=== Your task ===
Using the records below, copy out exactly the line that contains "Jacob Smith" and every line that follows it, up to and including the last, and no others.

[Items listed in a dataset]
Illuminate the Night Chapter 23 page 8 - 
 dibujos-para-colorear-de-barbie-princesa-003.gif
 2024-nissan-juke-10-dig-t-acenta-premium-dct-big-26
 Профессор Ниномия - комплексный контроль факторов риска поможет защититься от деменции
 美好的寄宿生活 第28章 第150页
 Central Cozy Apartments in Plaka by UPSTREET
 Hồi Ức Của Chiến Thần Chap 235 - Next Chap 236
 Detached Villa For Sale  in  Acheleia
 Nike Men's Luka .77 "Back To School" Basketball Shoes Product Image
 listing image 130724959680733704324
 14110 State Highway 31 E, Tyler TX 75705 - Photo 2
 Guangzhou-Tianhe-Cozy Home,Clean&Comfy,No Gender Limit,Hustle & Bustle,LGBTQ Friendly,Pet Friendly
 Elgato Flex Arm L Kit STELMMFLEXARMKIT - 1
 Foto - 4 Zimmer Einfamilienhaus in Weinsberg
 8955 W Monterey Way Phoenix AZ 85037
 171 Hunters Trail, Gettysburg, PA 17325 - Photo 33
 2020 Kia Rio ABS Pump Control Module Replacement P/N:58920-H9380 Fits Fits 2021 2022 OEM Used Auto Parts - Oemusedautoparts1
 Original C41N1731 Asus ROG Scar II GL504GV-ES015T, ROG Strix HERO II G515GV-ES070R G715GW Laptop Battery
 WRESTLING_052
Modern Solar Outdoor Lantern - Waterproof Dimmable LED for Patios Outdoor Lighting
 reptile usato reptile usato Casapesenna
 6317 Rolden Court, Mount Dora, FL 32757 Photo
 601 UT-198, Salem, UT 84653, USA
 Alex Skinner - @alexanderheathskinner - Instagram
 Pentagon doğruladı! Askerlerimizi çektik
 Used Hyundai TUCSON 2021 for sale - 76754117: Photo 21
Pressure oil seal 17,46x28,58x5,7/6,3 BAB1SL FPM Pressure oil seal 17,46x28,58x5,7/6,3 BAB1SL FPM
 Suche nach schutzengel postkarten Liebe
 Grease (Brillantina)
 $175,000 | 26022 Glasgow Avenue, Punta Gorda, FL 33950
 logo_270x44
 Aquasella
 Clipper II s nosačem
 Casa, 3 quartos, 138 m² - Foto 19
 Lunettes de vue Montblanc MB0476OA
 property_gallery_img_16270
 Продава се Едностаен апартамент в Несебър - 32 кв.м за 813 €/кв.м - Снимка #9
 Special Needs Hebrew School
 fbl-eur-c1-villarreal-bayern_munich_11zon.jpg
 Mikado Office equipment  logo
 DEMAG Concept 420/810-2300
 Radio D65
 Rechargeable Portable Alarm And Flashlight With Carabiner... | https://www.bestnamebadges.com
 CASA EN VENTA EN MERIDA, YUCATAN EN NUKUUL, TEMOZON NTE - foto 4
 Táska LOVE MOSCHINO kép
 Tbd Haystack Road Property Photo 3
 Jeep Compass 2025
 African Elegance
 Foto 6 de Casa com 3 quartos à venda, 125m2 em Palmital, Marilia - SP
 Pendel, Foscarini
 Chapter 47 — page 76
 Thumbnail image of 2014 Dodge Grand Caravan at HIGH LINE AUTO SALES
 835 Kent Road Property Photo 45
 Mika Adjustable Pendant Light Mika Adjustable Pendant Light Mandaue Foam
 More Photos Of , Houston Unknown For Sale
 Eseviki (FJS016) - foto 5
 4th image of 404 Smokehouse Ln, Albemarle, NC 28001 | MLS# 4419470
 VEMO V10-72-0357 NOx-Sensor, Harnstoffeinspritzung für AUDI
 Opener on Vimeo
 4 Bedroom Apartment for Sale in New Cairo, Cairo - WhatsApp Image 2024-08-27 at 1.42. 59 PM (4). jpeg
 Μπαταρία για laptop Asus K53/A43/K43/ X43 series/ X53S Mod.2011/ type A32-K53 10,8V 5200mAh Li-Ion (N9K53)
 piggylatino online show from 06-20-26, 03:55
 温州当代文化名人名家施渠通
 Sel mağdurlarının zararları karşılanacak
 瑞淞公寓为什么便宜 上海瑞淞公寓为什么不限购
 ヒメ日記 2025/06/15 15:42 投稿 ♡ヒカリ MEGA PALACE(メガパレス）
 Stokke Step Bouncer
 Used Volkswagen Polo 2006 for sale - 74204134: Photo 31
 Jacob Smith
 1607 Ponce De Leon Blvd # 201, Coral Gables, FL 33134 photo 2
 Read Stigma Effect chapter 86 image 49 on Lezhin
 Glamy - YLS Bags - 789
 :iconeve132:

=== Answer for the task ===
 Jacob Smith
 1607 Ponce De Leon Blvd # 201, Coral Gables, FL 33134 photo 2
 Read Stigma Effect chapter 86 image 49 on Lezhin
 Glamy - YLS Bags - 789
 :iconeve132:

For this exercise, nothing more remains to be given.